» PROBLEM DETAILS: Set every entry below down once more, exactly as it stands, without images.

Data records:
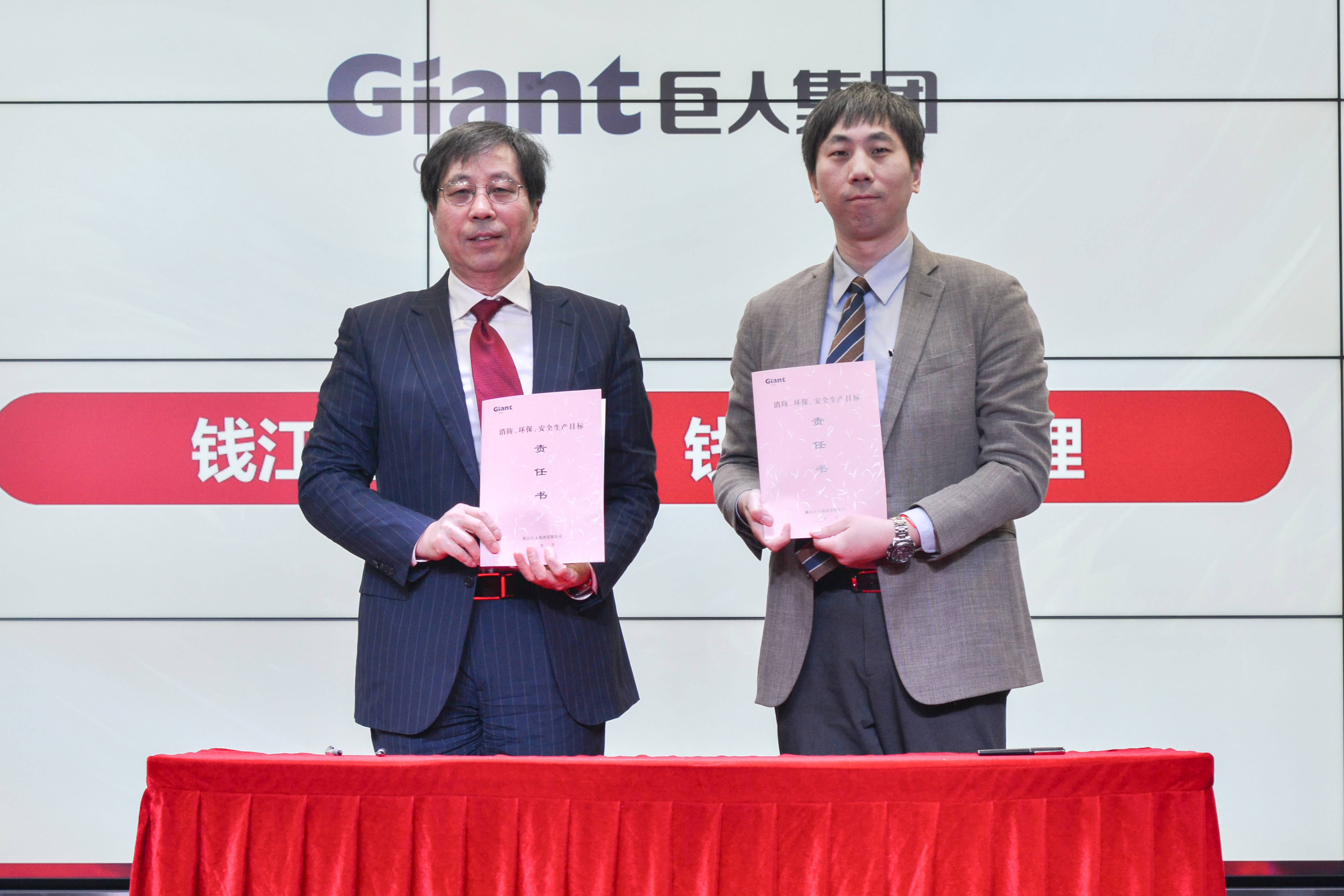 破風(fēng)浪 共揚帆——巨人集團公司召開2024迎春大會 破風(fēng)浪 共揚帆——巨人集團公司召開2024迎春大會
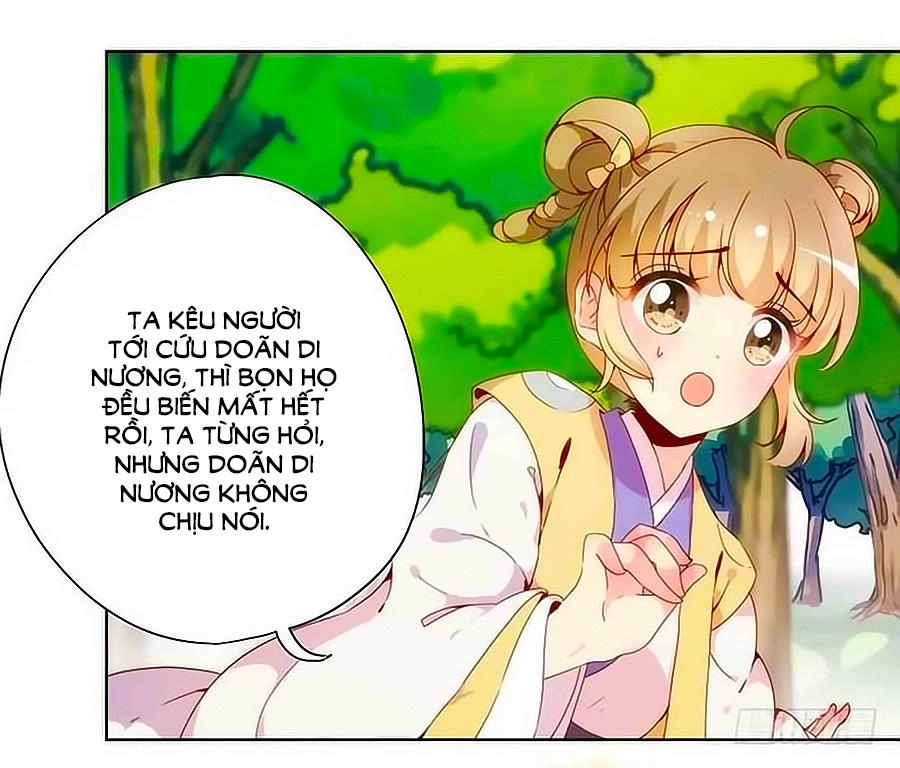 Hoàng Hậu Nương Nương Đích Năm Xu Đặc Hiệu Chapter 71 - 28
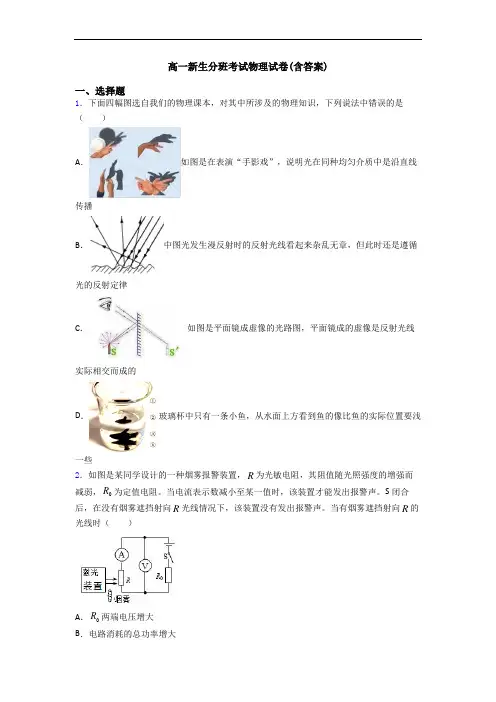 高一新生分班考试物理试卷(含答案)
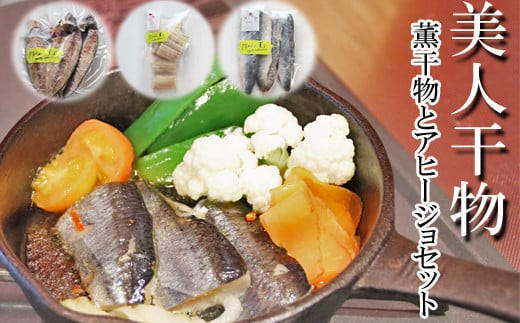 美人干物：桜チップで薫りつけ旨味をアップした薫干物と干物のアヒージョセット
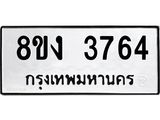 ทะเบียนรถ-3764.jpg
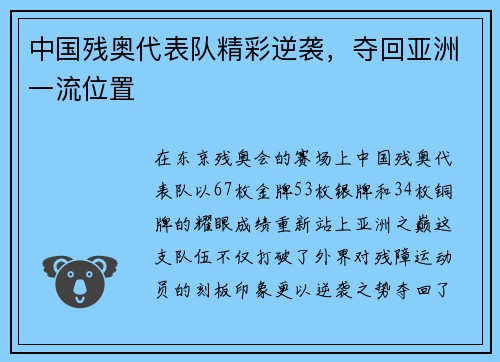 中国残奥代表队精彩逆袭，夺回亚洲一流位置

» TASK SOLUTION:
 破風(fēng)浪 共揚帆——巨人集團公司召開2024迎春大會 破風(fēng)浪 共揚帆——巨人集團公司召開2024迎春大會
 Hoàng Hậu Nương Nương Đích Năm Xu Đặc Hiệu Chapter 71 - 28
 高一新生分班考试物理试卷(含答案)
 美人干物：桜チップで薫りつけ旨味をアップした薫干物と干物のアヒージョセット
 ทะเบียนรถ-3764.jpg
 中国残奥代表队精彩逆袭，夺回亚洲一流位置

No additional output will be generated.